2017 Calculus Tournament

Winning Team

The fourth annual Calculus Tournament was held in the afternoon of November 16, 2017 in the Math Resource Center in the Math and Science Building. The tournament was open to students currently enrolled in either Calculus I , II or III. Seven teams, with a total of 19 students, participated in the contest. The winning team is consisting of Presley Mullins (currently enrolled in Dr. Jeff Beyerl’s Calculus I), Alexia Ramick (enrolled this fall in Dr. Weijiu Liu’s Calculus III), and Anna Wolff (enrolled in Dr. George Bratton’s Calculus II) . Congratulations to all three students.

Dr. Jeff Beyerl organized the tournament. Many mathematics graduate students and faculty members provided support. Each member of the winning team will receive a gift card for $15. Also, the winning team will represent UCA at the Math Jeopardy competition at the OK-AR Sectional Meetings of the American Mathematical Society Spring meetings to be held in April 2018 at the Arkansas Tech University

 

Teams in Action

 

Faculty Corner – Dr. Yinlin Dong

This fall Dr.
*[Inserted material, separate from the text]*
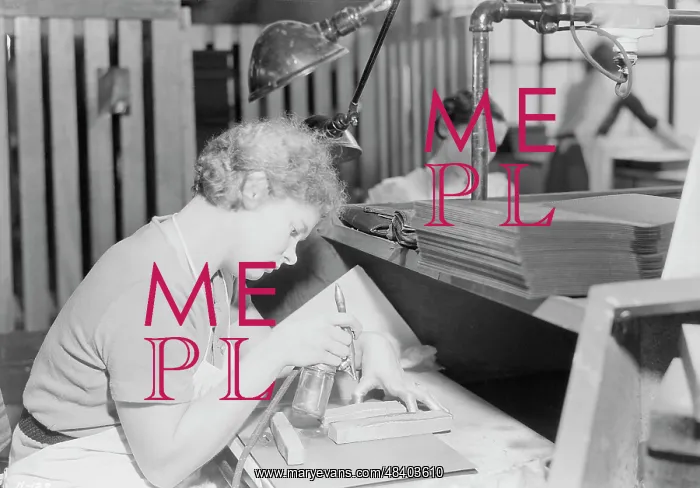 : Woman skillfully applying gold with an air : Woman skillfully applying gold with an air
Yinlin Dong joined the mathematics department as an assistant professor in applied mathematics. He received his Ph.D. from the University of Texas at Arlington.

(1) Please tell us a little about yourself.
I did my undergraduate in China, where I worked in industry for two years. After that I came to the States and have been at the University of Alabama, University of Central Florida, and the University of Texas at Arlington. I live with my wife and two sons, Charles and Allen, and am now excited to join the family here at UCA!
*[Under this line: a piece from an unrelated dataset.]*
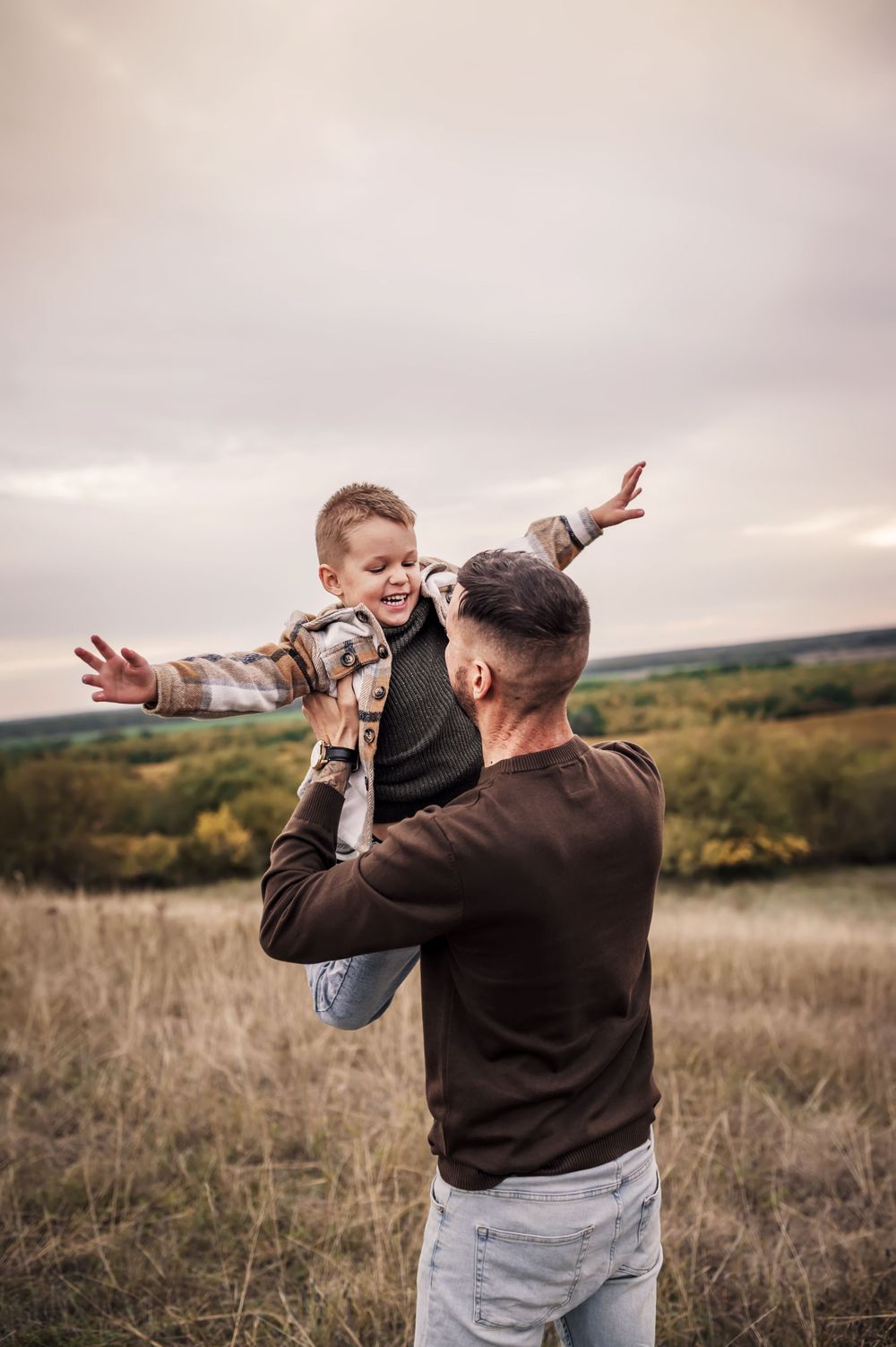 A small child wearing plaid is lifted playfully into the air against an autumn countryside backdrop at sunset.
(2) Tell us a little about your research.
I study numerical methods and grid generation. For example, there are methods for discretizing partial differential equations and solving them numerically. This discretization requires working on a grid of some sort, and I study how these grids should be constructed. A good grid allows solution methods to adapt to complex structures: the grid is fine in regions of large variation to enhance accuracy, but can be coarse where the solution has little variation in order to achieve efficiency.

(3) Can you give us an example of an application of this research?
One great example is in airfoils. NASA designs many of these, and they need to determine exactly how to shape them. In order to find the best shape, they need to solve physics problems and use numerical methods. My research applies to identifying the appropriate numerical method and corresponding grid generation approach to these problems.
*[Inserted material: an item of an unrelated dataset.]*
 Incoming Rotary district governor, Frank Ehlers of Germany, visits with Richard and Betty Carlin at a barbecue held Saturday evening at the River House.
(4) When did you become interested in your research?
Throughout school I knew I was going to focus on some kind of science or math. I had a particular high school teacher that really helped inspire me; ultimately it was my Ph.D. advisor that helped guide me into the field of numerical methods.

(5) Tell us about the courses you teach.
I teach both numerical analysis and numerical methods. Though sometimes confused with each other, numerical analysis is more theoretical and focuses on why methods work, while numerical methods focuses more on how such methods work. Right now being my first semester I’ve tried to keep my courses straightforward. In the future I hope to be able to get students involved more in projects and presentations.

(6) What is your favorite part of your position here at UCA?
Teaching is one of the best parts! I enjoy the moments of sharing the beauty of math with students. The environment here is quite flexible, and I’m still exploring the surrounding area.

(7) What is the most challenging part of your position here at UCA?
I have high expectation in student learning in upper level courses. But some students do not turn in assignments on time and are reluctant to ask questions. How do they expect to learn without putting their skills to practice? I am learning our students and our course settings. I will figure it out as the semester goes.